At this point, my maths (unused for over 20 years fails me!). But....

  • If infinite random test data was used
  • The output of the Bayesian Network was found for each data item
  • And the Neural Network was then trained on it

Would the Neural Network not tent towards being the same as the Bayesian Network?


We don't have to do anything crazy to prove this, we can simply leverage the UAT.

By the universal approximation theorem, yes, you could concieve of a neural network that precisely matched your Bayesian network.

  • $\begingroup$ can it be done the other way round so a Bayes network matches any given neural network? $\endgroup$ – Ian Ringrose Jan 19 '16 at 19:20
  • $\begingroup$ Note that this says nothing about the size of the neural network required; it is not a practical result. $\endgroup$ – Emre Jan 20 '16 at 3:53

I would say Yes.

As Jacob neatly put, the Universal Approximation algo. can be leveraged for proving the fact.

In fact, as neural networks are highly flexible, owing to their portable structure definitions and a huge set of activation functions one can choose from, I don't see why a Bayesian network cannot be mimicked by a neural network.
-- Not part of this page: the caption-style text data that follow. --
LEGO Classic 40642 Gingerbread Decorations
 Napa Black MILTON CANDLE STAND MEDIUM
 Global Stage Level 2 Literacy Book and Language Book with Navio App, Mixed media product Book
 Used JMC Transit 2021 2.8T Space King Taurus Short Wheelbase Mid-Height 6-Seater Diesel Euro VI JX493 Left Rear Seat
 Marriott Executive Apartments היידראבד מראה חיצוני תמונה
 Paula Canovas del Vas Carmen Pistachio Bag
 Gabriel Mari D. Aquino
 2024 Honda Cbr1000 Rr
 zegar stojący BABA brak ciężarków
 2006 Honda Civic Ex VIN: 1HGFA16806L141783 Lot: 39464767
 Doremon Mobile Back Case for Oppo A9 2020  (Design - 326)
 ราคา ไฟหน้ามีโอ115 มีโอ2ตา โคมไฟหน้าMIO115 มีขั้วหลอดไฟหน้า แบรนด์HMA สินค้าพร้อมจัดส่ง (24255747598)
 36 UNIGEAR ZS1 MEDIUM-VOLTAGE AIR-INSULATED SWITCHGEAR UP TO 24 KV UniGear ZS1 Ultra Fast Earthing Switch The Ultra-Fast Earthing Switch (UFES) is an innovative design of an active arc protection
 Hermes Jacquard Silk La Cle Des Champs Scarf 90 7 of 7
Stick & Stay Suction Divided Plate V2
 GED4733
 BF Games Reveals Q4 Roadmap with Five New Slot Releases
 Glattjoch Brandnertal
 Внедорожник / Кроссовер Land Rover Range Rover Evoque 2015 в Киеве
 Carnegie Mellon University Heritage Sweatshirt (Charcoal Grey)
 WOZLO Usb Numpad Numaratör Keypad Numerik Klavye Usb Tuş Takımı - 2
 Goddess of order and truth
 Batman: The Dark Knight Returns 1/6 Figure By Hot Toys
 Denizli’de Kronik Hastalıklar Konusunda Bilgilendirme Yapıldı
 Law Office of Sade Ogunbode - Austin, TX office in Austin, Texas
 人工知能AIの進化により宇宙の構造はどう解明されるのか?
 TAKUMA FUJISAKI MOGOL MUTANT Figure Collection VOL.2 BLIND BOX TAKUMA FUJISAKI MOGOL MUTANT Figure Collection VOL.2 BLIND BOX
But, from my experience of both research and coding deep belief networks, I'd advise you not to try this at home. Cause, you would often end up with painfully complex networks. :D

But, I am skeptical about the vice-versa process. (owing to my limited knowledge of Bayesian networks)


As pointed out by Jacob Panikulam, Universal Approximation Theorem gives you the answer. So...

Yes. But please do note that anyway this is valid for GLMs, SVMs... So...

Would the Neural Network not tent towards being the same as the Bayesian Network?

Yes, it does, as does with any other model.

Note that this does not happen the other way around, Bayesian Networks cannot model certain types of dependencies, e.g. circular dependencies. Also, all Bayesian Network structure learning algorithms assume faithfulness, so they perform pretty badly with certain types of independent and conditionally dependent variables: see Is there a Probabilistic Graphical Model for this Situation?

Caution Note: Please do not mistake this with the fact that you should only learn about and use neural networks. Introduction to Statistical Learning thoroughly explains why.